I'm in the process of making what I hope will become beer. Right now it's sitting in a tub in a closet. Five gallons of liquid that should be drinkable in a few weeks. If not, at least we'll have a lot of it.
It gives me a new appreciation for professional brewers.
* * *
False start, let's try something else. I don't even know what, we're just trying to fill the quota here. Literally nothing of interest happened yesterday.

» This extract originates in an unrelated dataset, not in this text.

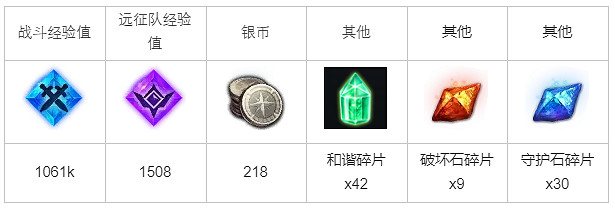 《命運方舟》呼嘯的風任務怎麽做?呼嘯的風任務攻略 《命運方舟》呼嘯的風任務怎麽做?呼嘯的風任務攻略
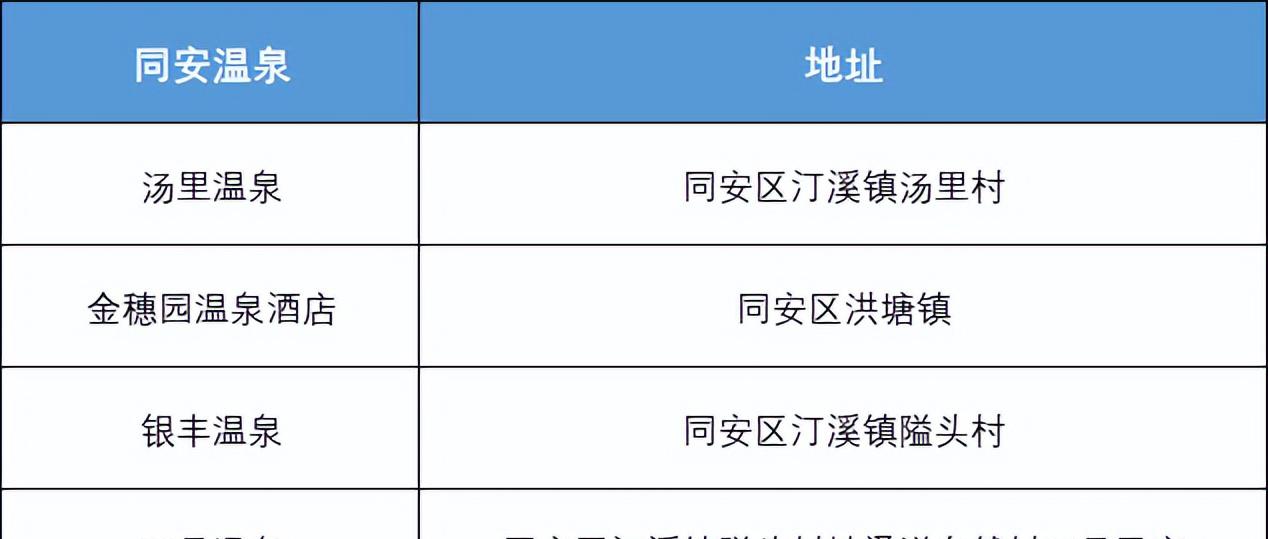 日月谷温泉要带泳帽吗_日月温泉谷住宿多少钱_日月谷温泉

I watched a documentary about a bicycle race, continued watching Bob's Burgers, and made progress on H.G. Wells' War of the Worlds.
I walked to a Japanese market on Convoy to pick up some sushi and chicken karaage for lunch, listened to a few podcasts, and fell asleep in a chair in the backyard.
Face it, I'm the least interesting man in the world.
* * *
Which brings us back to beer. Or advertising. Here's a question: Why is it that the shittiest products have the funniest commercials? I've often found myself laughing my ass off at a pitch for what looks like the most disgusting hamburger in the world, thinking a) that's hilarious and b) I don't ever want to use their restroom, let alone eat their food.
* * *
Still short of the quota. Hopelessly stuck. Need words... need... words. Dying out here.
This is the part where I'm grateful that nobody reads my practice sessions. Read the finished product, not the process, which is nastier than those hamburgers in the hilarious commercial.
Hamburgers. Sausage. How is the sausage made? Seems like there's a joke here, but maybe not.
* * *
That's the thing with beer. You make it, stash it away for a while, and hope it turns into something good. Just like writing.